The super high performance of Intel's upcoming Rocket Lake S processors might be in really short bursts, as a sustained burn-in test of the top-of-the-line Core i9-11900KF shows it hitting close to 100 degrees even on a 360mm AIO cooler and pulling over 250w of power.
The next-generation Rocket Lake CPUs will be Intel's last on its aged 14nm process node, though they will leverage a backported architecture previously used in 10nm Ice Lake chips to generate the additional instructions per clock (IPC) necessary to give AMD a run for its money, at least in gaming. The top-tier Core i9 11900KF will feature eight cores and 16 threads, with a base clock of 3.5GHz. It will have an all-core boost of 4.8GHz, and a single core boost maximum of 5.3GHz. How well it will hold these boost clocks remains to be seen however, as despite only having a boost algorithm that maintains them for 56 seconds, Chiphell users (via VideoCardz) found that the CPU could hit almost 100 degrees even when cooled by a 360mm AIO water cooler.
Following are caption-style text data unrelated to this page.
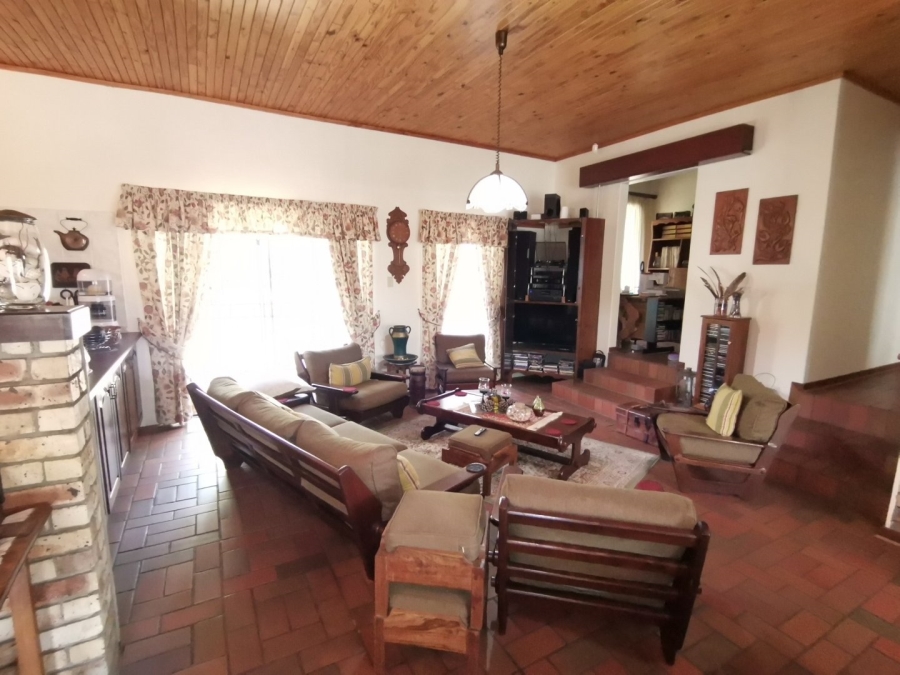 4 Bedroom Property for Sale in Sonheuwel Ext 1 Mpumalanga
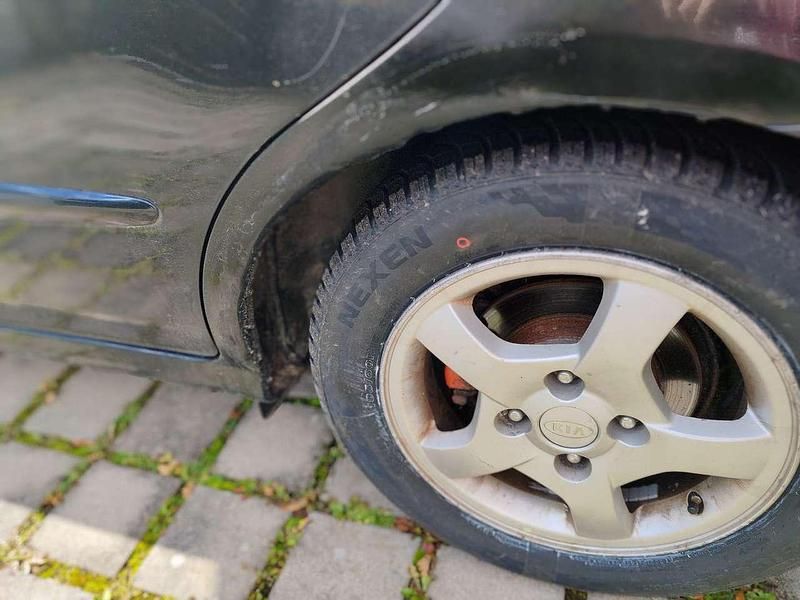 Gebraucht Kia Cerato 113 PS (83 kW) 2008 Schwarz Limousine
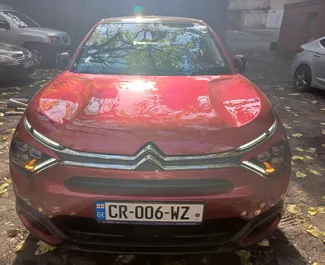 Vooraanzicht van een huurauto Citroen C4 X op de luchthaven van Tbilisi, Georgië ✓ Auto #8395. ✓ Transmissie Automatisch TM ✓ 0 beoordelingen.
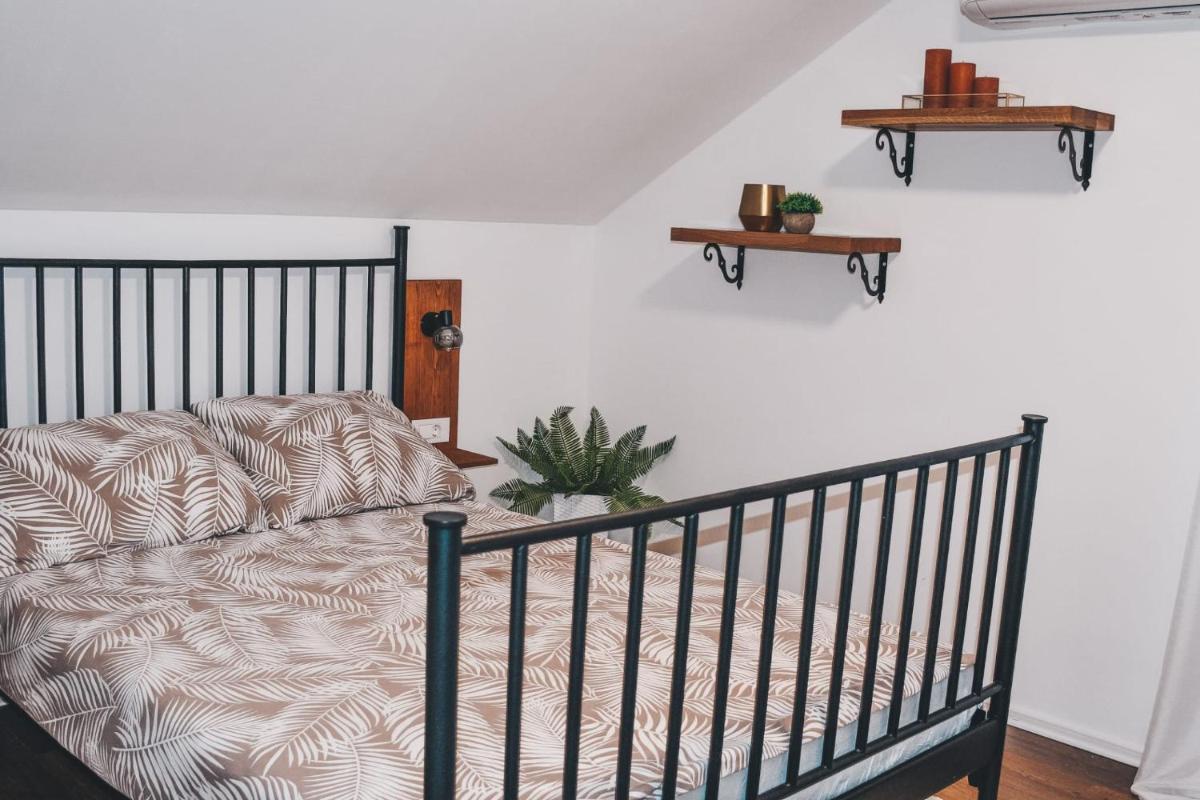 Villa-Apartments Bognar - Housity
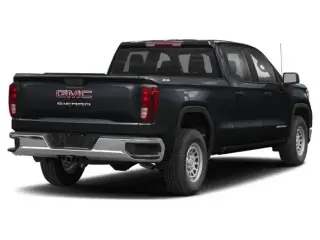 GMC Sierra 1500 2022 4x4 AT4 4dr Cabina de Crew 5.8 ft. SB
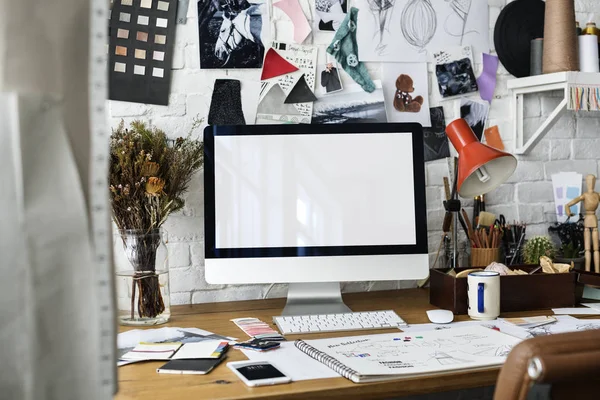 Lugar de trabajo en el estudio de moda —  Fotos de Stock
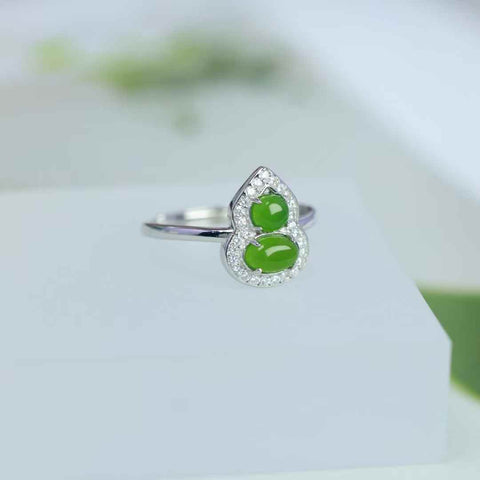 11259# Cincin perak S925 bertatahkan batu permata giok Hetian berbentuk labu: 4*6 cm (termasuk ongkos kirim dan pajak)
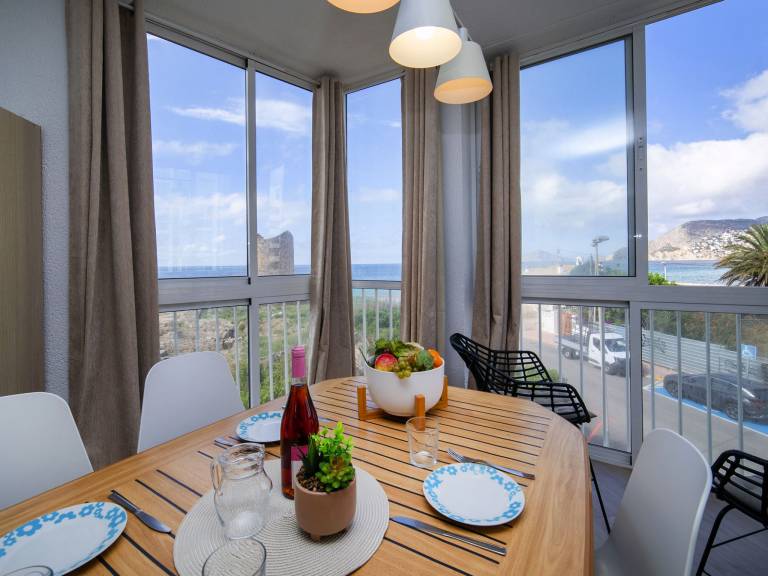 Ferienwohnung mit Pool in Calp, Costa Blanca f&uuml;r max. 4 Personen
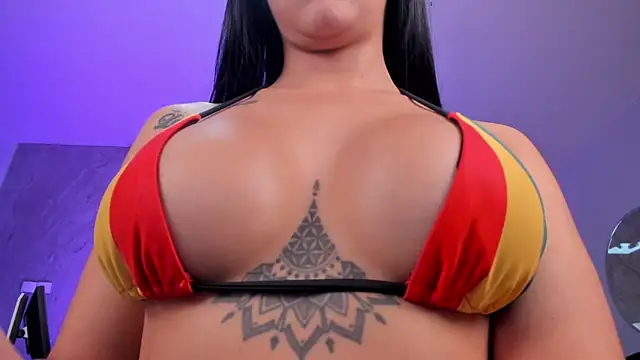 KatieNolan_1 live sex cam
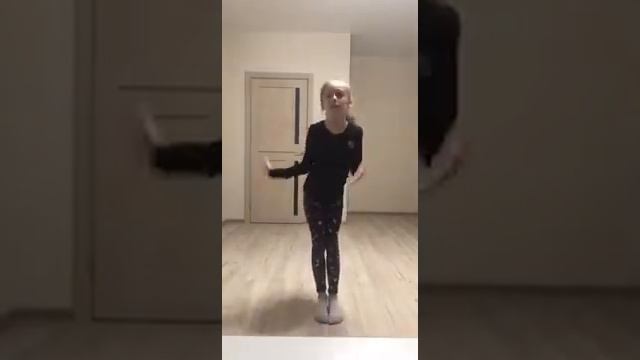Танец под песню Маршрутка♪♥♦♠♣• смотреть онлайн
That's hot enough to trigger throttling and could be a real problem for sustained load performance with these new generation. It's worth highlighting that burn in tests like the one used in this instance (AIDA64) are way harder on a CPU than average loads, but for intensive CPU tasks, the 11900KF may fall down if it's forced to work hard for long. Especially considering its very highest frequencies depend on low temperatures using Intel's Velocity Boost Algorithm to get there.
In practice, Rocket Lake may not boost as high as its spec sheet suggests, unless you have seriously powerful cooling.